Eine zweite Regierung Trump wird wie die erste – nur noch schlimmer
Im Ernst: Der wichtigste Satz in dem von einem konservativen Thinktank ausgearbeiteten Papier steht in dem Wirtschaftskapitel ganz vorne. Er lautet: "Die nächste Regierung muss dem wirtschaftlichen Wohlstand der einfachen Amerikaner Vorrang einräumen." America first - nur noch radikaler. Oder wie es die in Berkeley lehrende deutsche Wirtschaftsweise Ulrike Malmendier jüngst im Gespräch mit unserer Redaktion sagte: "Eine zweite Regierung Trump wäre wie die erste - nur noch schlimmer."

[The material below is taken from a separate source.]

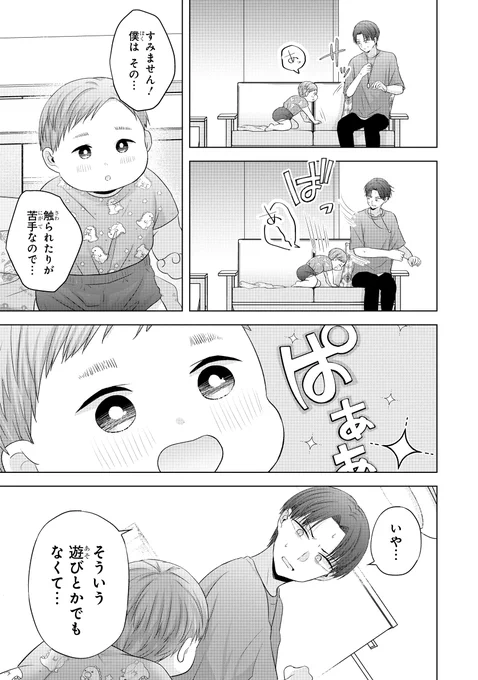 好きなギャルに会いに行ったら子供がいた話(6/11)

Es ist nicht so, dass die Wirtschaftspolitik von Amtsinhaber Joe Biden nicht auf den Vorteil der USA bedacht wäre. Der Inflation Reduction Act etwa hat in Europa und Deutschland für viel Unmut gesorgt. Aber die "Bidenomics" sind doch fest in den internationalen Regelwerken verankert. Biden ist überzeugter Transatlantiker. Trump will, dass die USA aus der Welthandelsorganisation austreten. Sollte der eine den anderen tatsächlich ablösen, sind höhere Importzölle zu erwarten. Trump sprach in einem Interview bei Fox Business von zehn Prozent auf alles. Könnte mehr werden, oder weniger. Wer weiß das schon, bei einem Mann, der stringent nicht stringent handelt?

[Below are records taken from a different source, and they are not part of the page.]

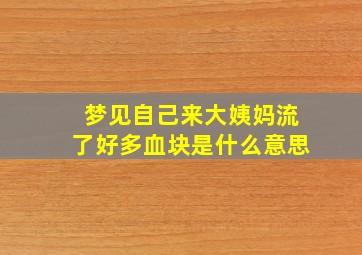 梦见自己来大姨妈流了好多血块是什么意思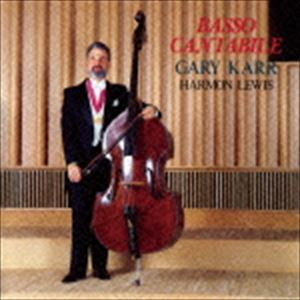 ゲリー・カー（cb、arr） / オンブラ・マイ・フ（廉価盤） [CD]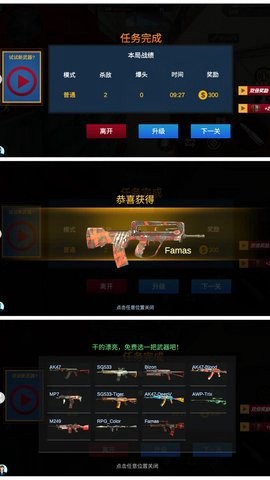 战火追击图2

Trump würde eine Neuauflage von TTIP wohl extra verhandeln wollen
Höhere Zölle träfen all jene deutschen Firmen besonders, die zwar in den USA unterwegs sind, sich dort aber vielleicht keinen Produktionsstandort leisten können. Hätte man sich in den vergangenen vier Jahren vorbereiten können? Vielleicht. Aber wahr ist auch: Selbst wenn es mit einer Neuauflage des Transatlantischen Freihandelsabkommens (TTIP) geklappt hätte, würde Trump es mit ziemlicher Sicherheit neu verhandeln wollen. Zum Vorteil der USA.
Man darf von der Bundesregierung erwarten, dass sie sich besser auf eine zweite Amtszeit Trumps vorbereitet, als es ihre Vorgängerin unter Angela Merkel einst tat. Aber selbst wenn die Drähte zu den Beratern von Trump künftig gut funktionieren sollten, steht am Ende doch ein erratisches Wesen.
So bleibt pragmatischer Fatalismus: Wenn die USA unter Trump - womit sein Ex-Sicherheitsberater John Bolton fest rechnet - tatsächlich aus der Nato austreten, haben nicht nur die Unternehmen in Europa ganz andere Sorgen.